Jim Cramer was shocked when Warren Buffett revealed to CNBC on Monday that Berkshire Hathaway had more than doubled its position in Apple, to 133 million shares.

"We got more investing wisdom than most people can consume in a lifetime," the "Mad Money" host said about the interview.

Buffett revealed to "Squawk Box" that after Jan. 1 and before Apple's earnings on Jan. 31, Berkshire Hathaway purchased 120 million shares. That put Apple neck and neck with Coca-Cola as its largest position.

Cramer marveled at the simplicity of Buffett's approach when he explained that when he takes his great-grandkids and their friends to Dairy Queen, they all have an iPhone. That prompted him to do homework on the balance sheet, capital allocation, earnings and decide that Apple was a good buy.

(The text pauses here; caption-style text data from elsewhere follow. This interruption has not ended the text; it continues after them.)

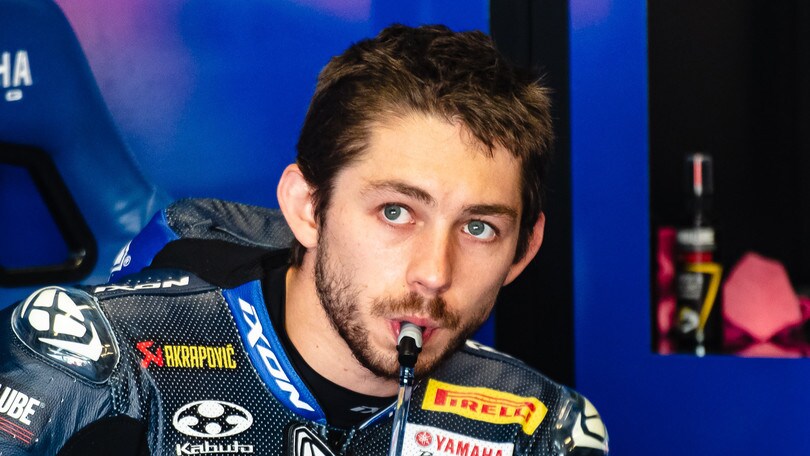 Gardner ancora lontano dai risultati sperati: difficoltà o c’è dell’altro?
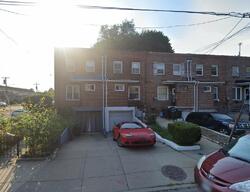Pre-foreclosure in  Moline St Queens Village, NY 11428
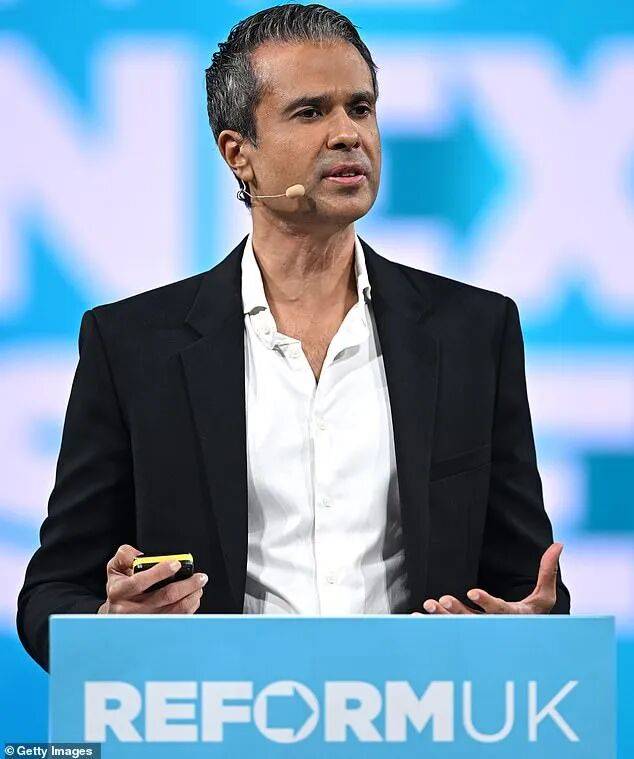 凯特患癌竟因辉瑞疫苗?伦敦4万被盗手机直飞香港<strong></p>
<p>抹茶交易所</strong>,比贩毒暴利产业链曝光…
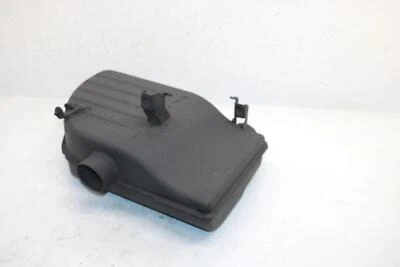 Silenciador de escape Arctic Cat Z 570 06 OEM 0712-995 SA324 Foto 1 de 4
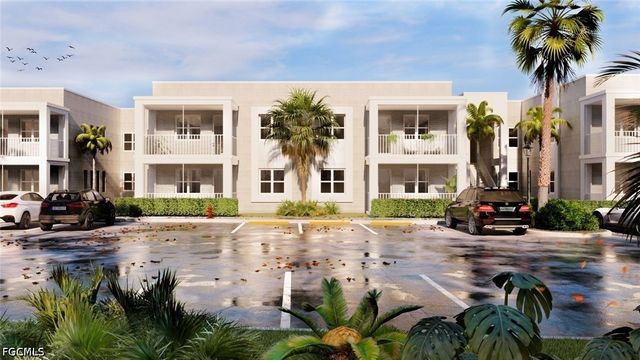 1249 Capricorn BLVD, Punta Gorda, FL 33983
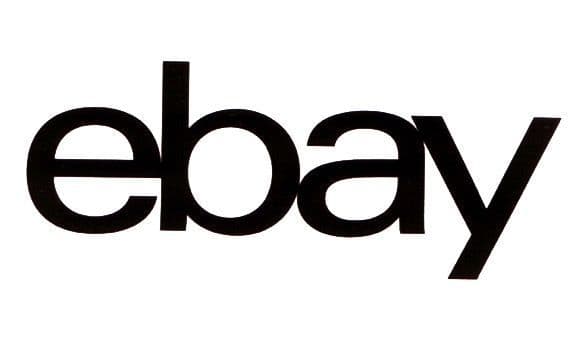 ebay.jpg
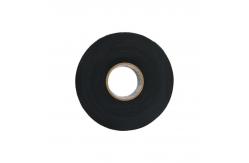 China Fleece Automotive Wiring Harness Tape 0.31mm Thickness Multipurpose supplier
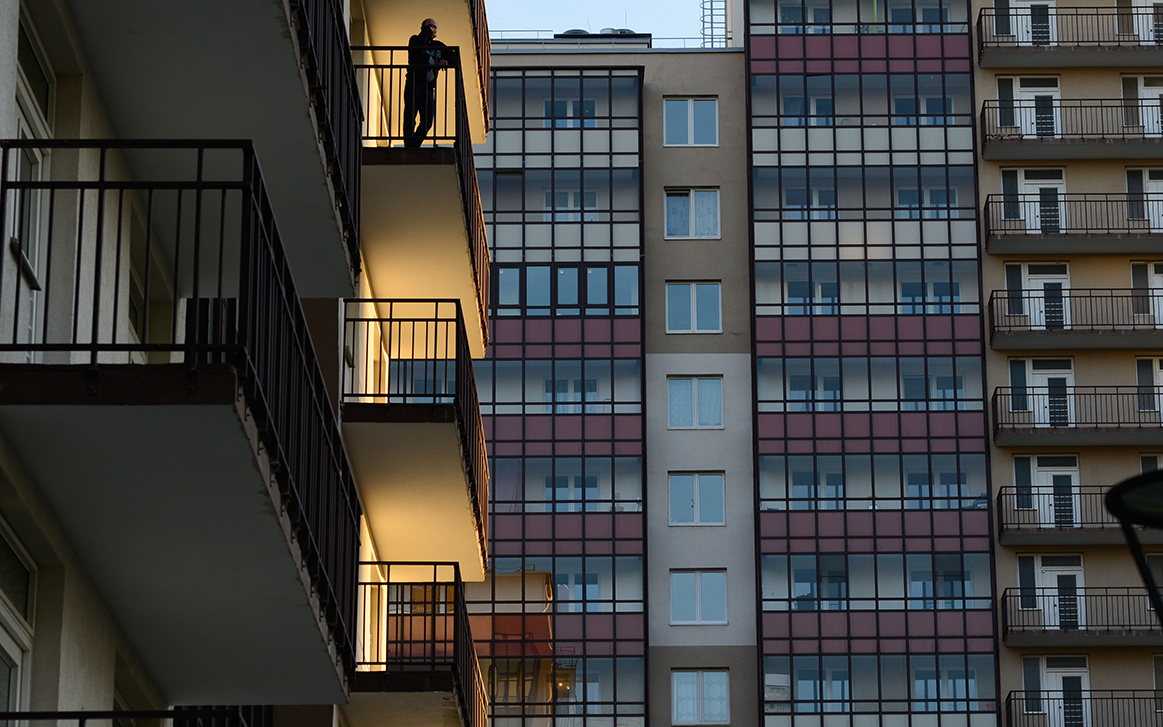 ВТБ предложил распространить льготную ипотеку на все семьи с детьми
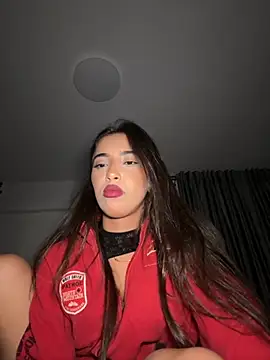 Snapshot of miaceleste chatting on 09-14-25, 07:57 miaceleste online show from 09-14-25, 07:57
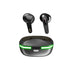 TWS Pro60  Wireless Headphones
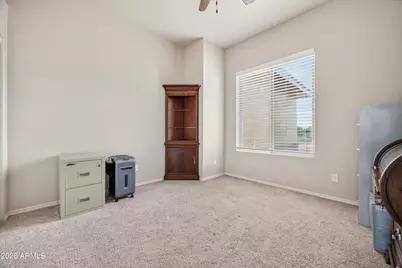 4322 S Cloud Dance Court, Sierra Vista, AZ 85650 - Photo 18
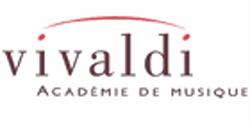 Académie De Musique Vivaldi, Brossard, QC opening hours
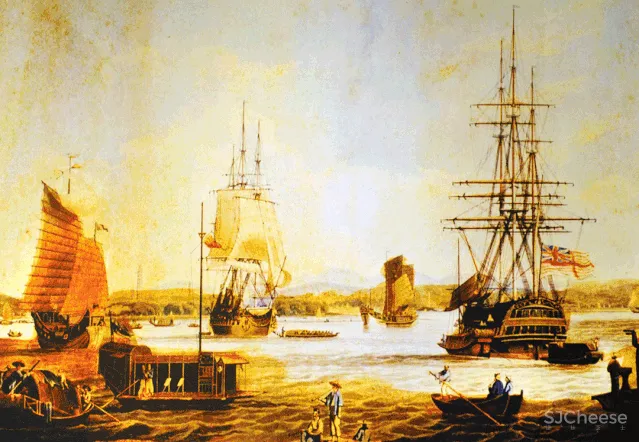 领南星河•荣誉 光河,万花世界 x JLa设计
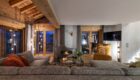 Verbier Chalet Clambinet 3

"What is amazing about this is that Buffett did what literally anyone can do," Cramer said.

He started with an idea, did the homework and realized it was a great stock.

It was clear to Cramer that Buffett viewed Apple differently from analysts on the conference call each quarter. Those analysts cover high-growth companies like Facebook and Alphabet and tend to come to the conclusion that perhaps Apple's best days are behind it.

Buffett compared Apple's brand to that of American Express when it was out of favor a few years ago. This was a refreshing analysis for Cramer.

"It rang so true, and I was thrilled that he recognized the reality that Apple is not an expensive tech stock. It is a cheap consumer product stock. Bravo," Cramer said.

Though iPhone sales account for approximately 70 percent of Apple's revenue, Cramer has often argued that Apple's growing service revenue stream could ultimately diversify the company away from being a maker of devices.